Wednesday, November 10, 2004

A New Start on Courts

washingtonpost.com

A New Start on Courts

Wednesday, November 10, 2004; Page A26

PRESIDENT BUSH'S reelection with an enlarged Republican majority in the Senate presents him with a pivotal choice on judicial nominations. He can act as a national leader to begin defusing the war over the courts, or he can flex his new political muscle and try to maximize short-term conservative gains on the bench. The temptation to pursue the latter course undoubtedly will prove strong. The Republican Party's social conservative base is giddy with victory, believing it made the difference in the election, and it sees the courts as part of its due. Conservatives responded with outrage to the suggestion by Sen. Arlen Specter (R-Pa.), who by seniority is in line to chair the Judiciary Committee, that Mr. Bush should think twice about a provocative Supreme Court nominee hostile to abortion rights. There is talk of changing Senate rules so that a minority could no longer engage in filibusters to block judicial nominations, the one point of leverage that Democrats in the Senate retain. Pressure for unilateral action will be hard for Mr. Bush to resist, even if he wants to.

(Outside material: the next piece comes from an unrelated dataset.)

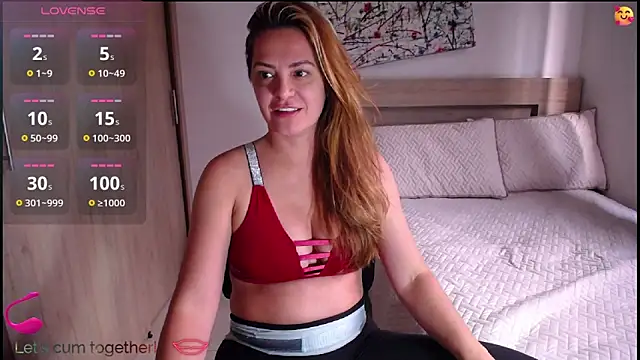 ParisW online show from December 2025 09:45:01 PM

But he should. The judicial nominations process has been in a downward spiral for two decades. The ultimate losers are the courts and Americans' faith in impartial justice. We opposed obstructionist tactics deployed against some of Mr. Bush's qualified nominees during his first term, just as we opposed such tactics when they were wielded against President Bill Clinton. With 55 Republicans coming into the Senate, Mr. Bush may decide he can overcome such tactics with raw power. He would do the country a far greater service if he took this opportunity to break the spiral.

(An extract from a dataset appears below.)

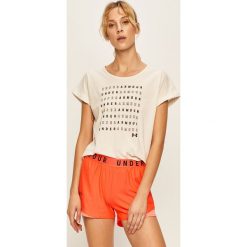 Under Armour - T-shirt. Białe bluzki damskie Under Armour, s, z aplikacjami, z bawełny, z okrągłym kołnierzem. W wyprzedaży za 89,90 zł.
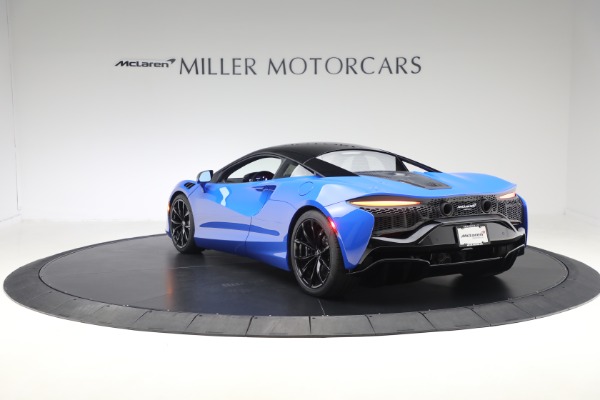 Used 2023 McLaren Artura Performance for sale Call for price at Alfa Romeo of Westport in Westport CT 06880 5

He could do so without jettisoning any of his principles or campaign promises. Mr. Bush has said consistently through two campaigns that he would nominate judges who would strictly interpret the Constitution and who would not legislate from the bench. Democratic senators and liberal interest groups need to accept that, having won the election, Mr. Bush is entitled to name men and women he believes will adhere to his stated judicial philosophy. But as Mr. Bush's history with nominations has shown, not every such person is offensive to Democrats. Most of Mr. Bush's appellate nominees have been confirmed without controversy -- a fact that neither Republicans keen to paint Democrats as obstructionists, nor Democrats keen to paint Mr. Bush's nominees as right-wing extremists, like to emphasize. Some have even provoked energetic support from Democrats. There are plenty of qualified conservative candidates, in other words, who could command broad ideological support. By turning to them, rather than to obviously confrontational nominees, Mr. Bush could bring a cease-fire to the judiciary wars -- and demonstrate true leadership.